MATERIAL PROVIDED Start Marker

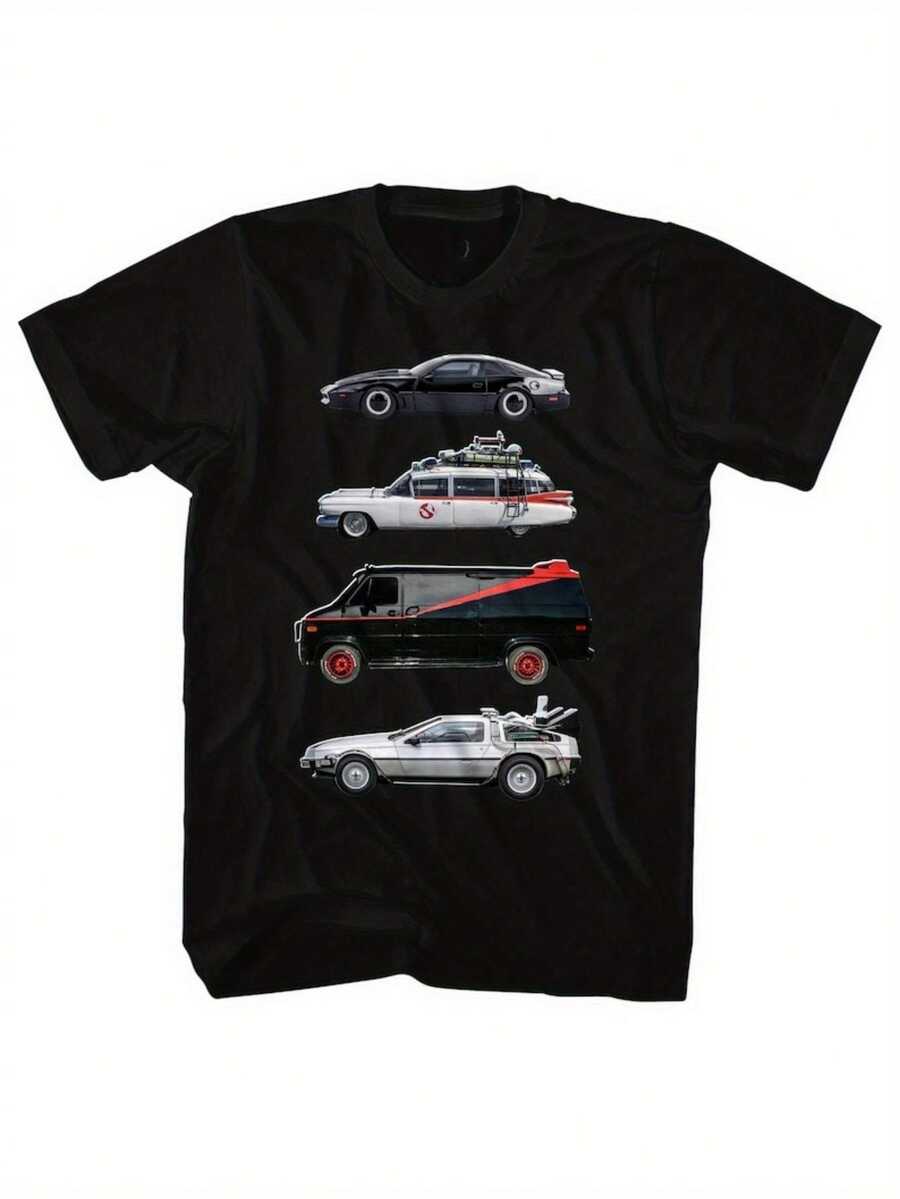 Men's Black Knight Graphic T-Shirt - Short Sleeve Crew Neck Cotton T-Shirt With Retro KITT And Ecto-Car Prints, Regular Fit, Breathable And Comfortable, Nostalgic Urban Style Design, Machine Washable, All-Season Casual Wear, Vintage T-Shirts, All-Season Clothing, Bold Print T-Shirt, Comfortable Fit T-Shirt - 黑色 - 查看 1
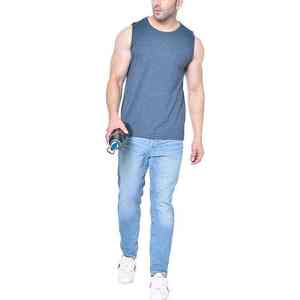 <b>Mens</b> Summer Tank Top Soft Cotton Knit Sleeveless Sports Shirt <b>Gym</b> Workout Fitness <b>Vest</b> Casual Streetwear Custom Print Logo OEM - Product Image 5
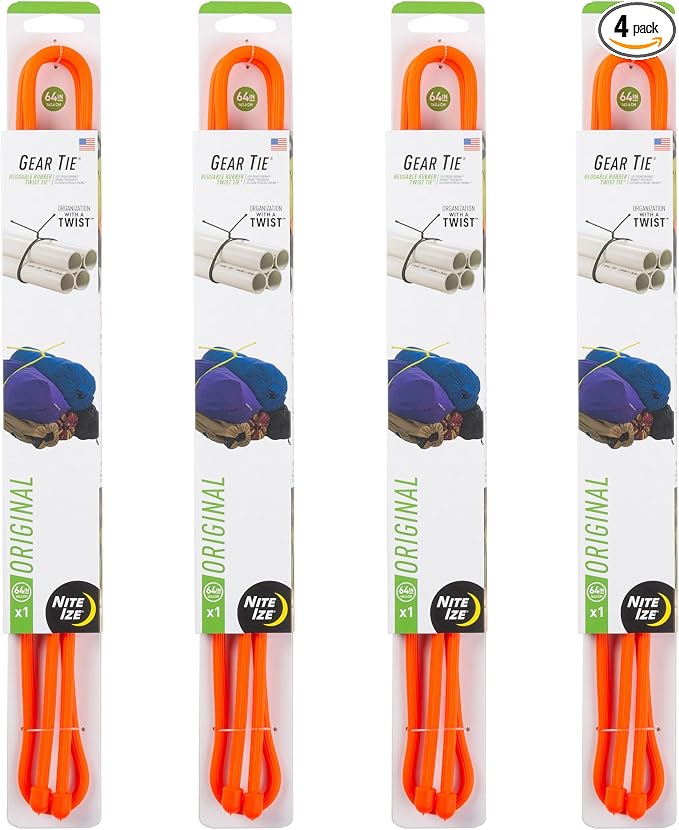 Nite Ize Gear Tie Reusable Rubber Twist Tie - Bendable Rubber Ties for Indoor and Outdoor Use, Reusable Multipurpose Twist Ties for Organizing and More, 64", Bright Orange, 4 Pack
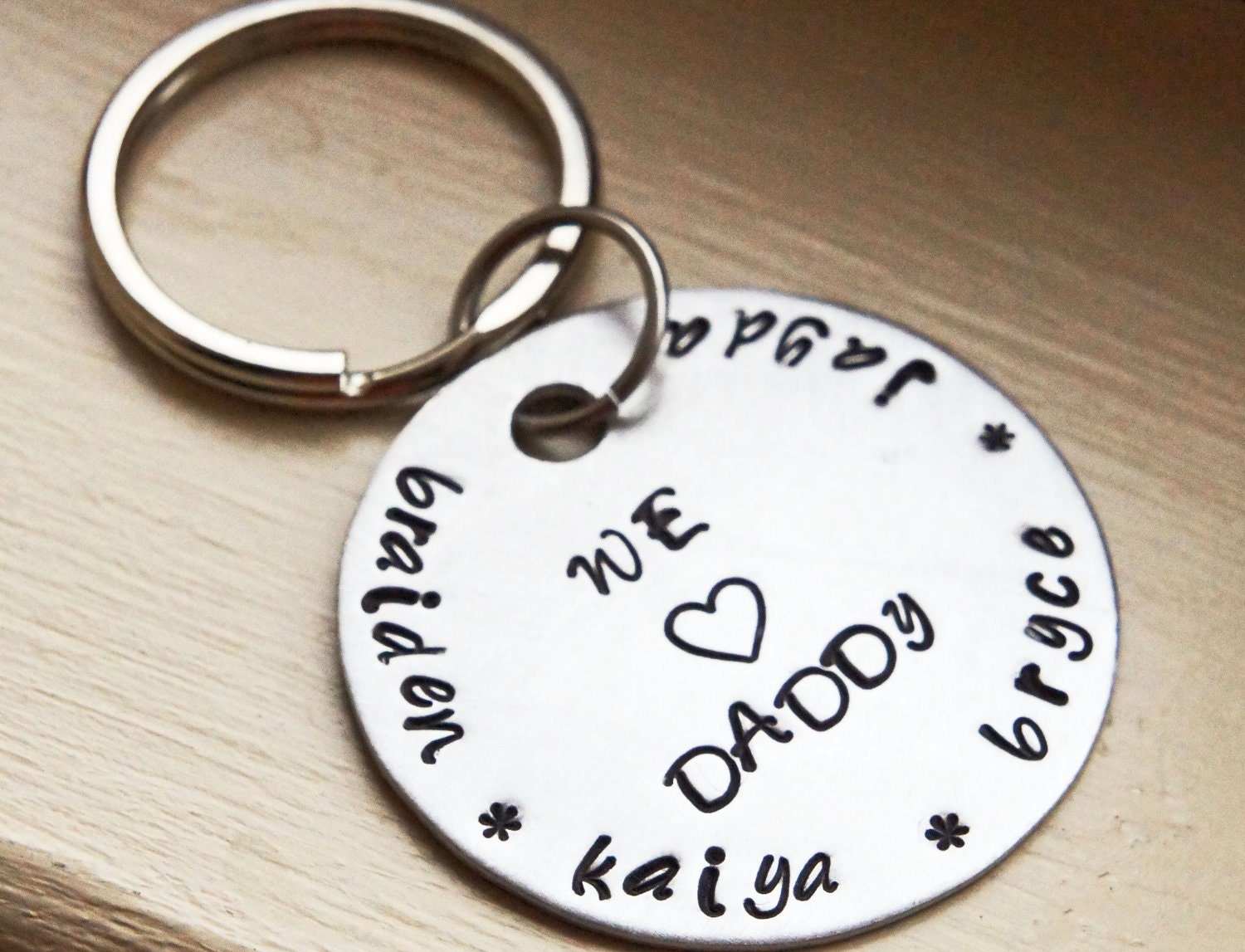 Personalized Keychain - Custom Gift for Him - 1.5" Aluminum round Hand Stamped Keychain - Father's Day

MATERIAL PROVIDED End Marker

TASK STATEMENT »
Everything in the data above gets copied exactly. Only the pictures are skipped.

ANSWER SECTION »
 Men's Black Knight Graphic T-Shirt - Short Sleeve Crew Neck Cotton T-Shirt With Retro KITT And Ecto-Car Prints, Regular Fit, Breathable And Comfortable, Nostalgic Urban Style Design, Machine Washable, All-Season Casual Wear, Vintage T-Shirts, All-Season Clothing, Bold Print T-Shirt, Comfortable Fit T-Shirt - 黑色 - 查看 1
 <b>Mens</b> Summer Tank Top Soft Cotton Knit Sleeveless Sports Shirt <b>Gym</b> Workout Fitness <b>Vest</b> Casual Streetwear Custom Print Logo OEM - Product Image 5
 Nite Ize Gear Tie Reusable Rubber Twist Tie - Bendable Rubber Ties for Indoor and Outdoor Use, Reusable Multipurpose Twist Ties for Organizing and More, 64", Bright Orange, 4 Pack
 Personalized Keychain - Custom Gift for Him - 1.5" Aluminum round Hand Stamped Keychain - Father's Day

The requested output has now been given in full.